Data desse período, me parece, o início do fim do JB, embora o jornal tenha publicado em 15 março de 1985 um caderno especial chamado ‘Tancredo, a restauração’, e tenha depois, sob a direção de Marcos Sá Corrêa, voltado à trilha das posições democráticas.
É assunto para pesquisadores.
Passeata dos Cem Mil
Como uma anotação de pé de página, relato episódio que vivi em 25 de junho de 1968. Eu cobria a Secretaria de Segurança. Era véspera do dia marcado para a passeata que se tornaria conhecida como a dos Cem Mil, no Centro do Rio. O secretário, general Luís de França Oliveira, convocou entrevista coletiva e ‘denunciou’ que haviam chegado à cidade mil agentes cubanos equipados com garrafas de ácido que seriam usadas contra as forças policiais.
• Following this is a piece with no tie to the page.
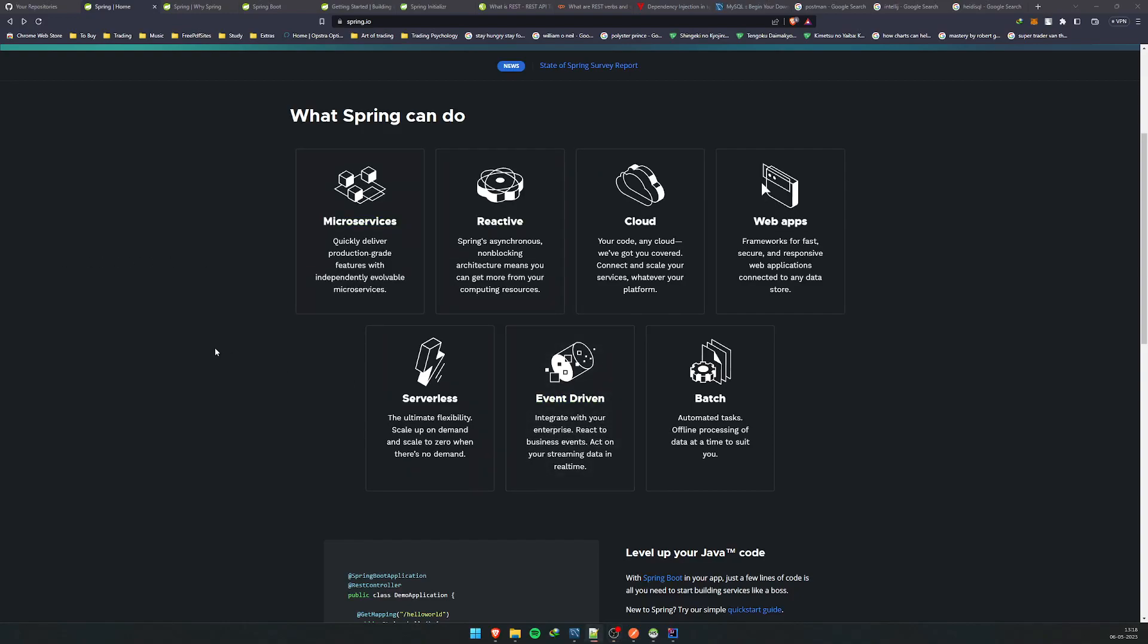Hey guys, welcome back to my channel. Today I decided to start a new series regarding Spring and Spring Boot and RESTful APIs. Before getting into that, I want to tell you a little bit about Java and Spring and my background. I've been a software developer for quite a few years now.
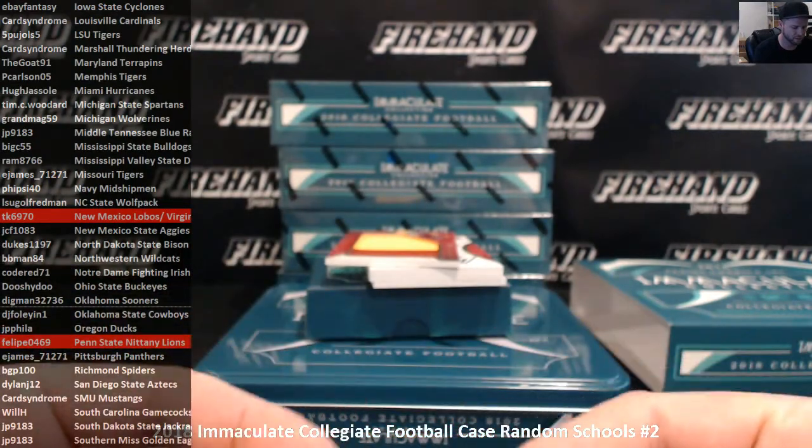We got a logo patch auto or bowl game patch auto, three out of five. Alan Lazard out of Iowa State, eBay Fantasy. Another hit for Penn State, Mike Gesicki, 36 out of 99, Felipe. And out of Oregon, jumbo patch auto, Royce Freeman. Pretty cool looking patch, feathers on there. Oregon Ducks, JP Philly. Three down two together.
Era uma mentira e uma provocação para justificar um possível massacre dos estudantes. Saí da Praça Tiradentes transtornado. Ao chegar ao jornal, procurei uma colega da Economia com quem eu poderia dialogar, Lygia Sigaud, que depois seguiu o caminho da antropologia no Museu Nacional (Lygia morreu em 2009). Combinamos que eu iria produzir um desmentido das lideranças estudantis sem mesmo ouvi-las, porque não haveria tempo para isso. Lygia conversou com Carlos Lemos, e o jornal fez o seguinte: deu na primeira página o ‘desmentido’ das lideranças estudantis e jogou para uma distante página interna, creio que a 14 ou a 16, a declaração do general França, sempre antecedida do ‘desmentido’.
Por sinal, nesse dia da passeata, 26 de junho, o jornal saiu com uma manchete tranquilizadora. Algo como ‘Cidade amanhece em calma para passeata’. E no dia seguinte publicou uma cobertura espetacular, da qual fez parte a fotografia da multidão tirada por Evandro Teixeira que virou ícone daquela manifestação.
O movimento estudantil, nos dias seguintes, tomou o caminho do estreitamento. Numa das passeatas subsequentes, o JB foi hostilizado pelos manifestantes. Sintoma de um desgaste e de um isolamento não do jornal, mas do movimento. Desgaste e isolamento que terminariam com a prisão, em outubro, dos delegados reunidos em Ibiúna, São Paulo, para o 30º Congresso da UNE. E o Brasil seguiria em marcha batida para o golpe dentro do golpe, o AI-5.